Exactly as they appear, please output the lines from the one with "vente Evreux" through the end of the material, without pictures.

**Data segment**:
##########
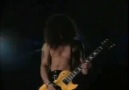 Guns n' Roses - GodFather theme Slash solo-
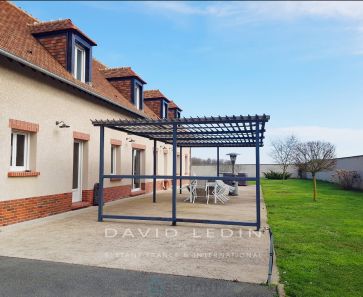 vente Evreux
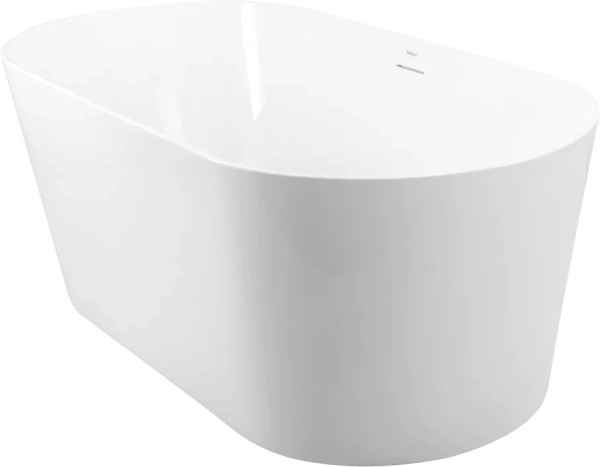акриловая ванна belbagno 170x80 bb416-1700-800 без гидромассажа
##########
**Reply to the exercise**:
 vente Evreux
акриловая ванна belbagno 170x80 bb416-1700-800 без гидромассажа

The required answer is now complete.